__What you will do__. Please return every line of the material verbatim and skip any images.

__Source data__.
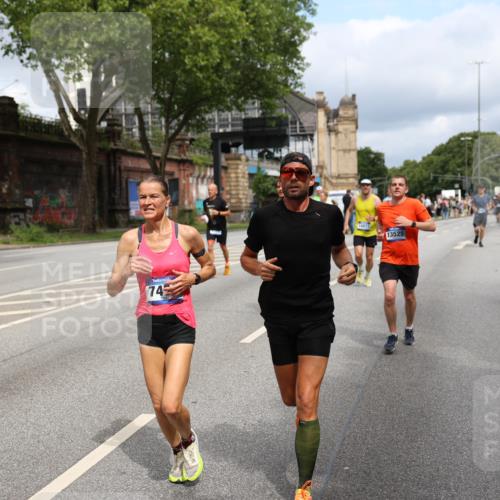 29.06.2025 - hella hamburg halbmarathon Yannick Fuchs http://msf.ph/oto/8166122 29.06.2025 10:40:23 20KM 1569, 1600, 1759, 1920, 2048, 2138, 2189, 2590, 3477, 4345, 6290, 6460, 6532, 6700, 6711, 7450, 7961, 8269, 8577, 8668, 10792, 10796, 11094, 11125, 11495, 11773, 11936, 12084, 12277, 13525, 13630, 14062, 14200, 14228, 14462, 14804, 14911, 15741, 16624, 17190, 17332, 17499, 17674, 17835, 18081, 19128 meine-sportfotos.de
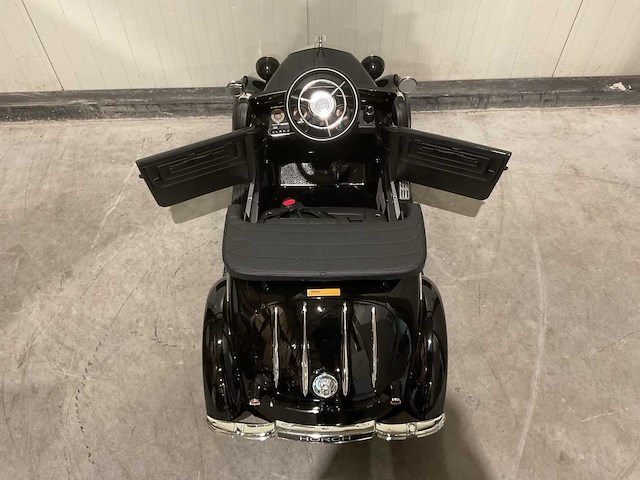 Audi je1005 horch 930v zwart speelgoed - afbeelding 50 van  63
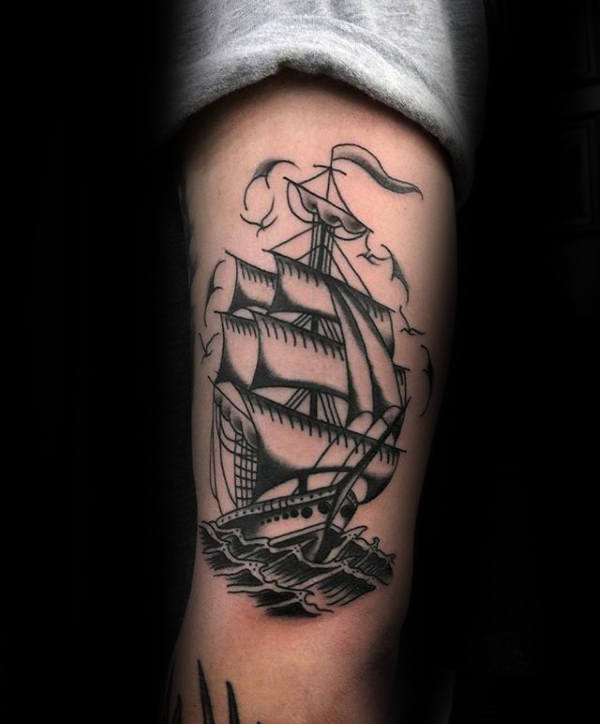 tatuaje tradicional barco para hombre 30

__Your response__.
 29.06.2025 - hella hamburg halbmarathon Yannick Fuchs http://msf.ph/oto/8166122 29.06.2025 10:40:23 20KM 1569, 1600, 1759, 1920, 2048, 2138, 2189, 2590, 3477, 4345, 6290, 6460, 6532, 6700, 6711, 7450, 7961, 8269, 8577, 8668, 10792, 10796, 11094, 11125, 11495, 11773, 11936, 12084, 12277, 13525, 13630, 14062, 14200, 14228, 14462, 14804, 14911, 15741, 16624, 17190, 17332, 17499, 17674, 17835, 18081, 19128 meine-sportfotos.de
 Audi je1005 horch 930v zwart speelgoed - afbeelding 50 van  63
 tatuaje tradicional barco para hombre 30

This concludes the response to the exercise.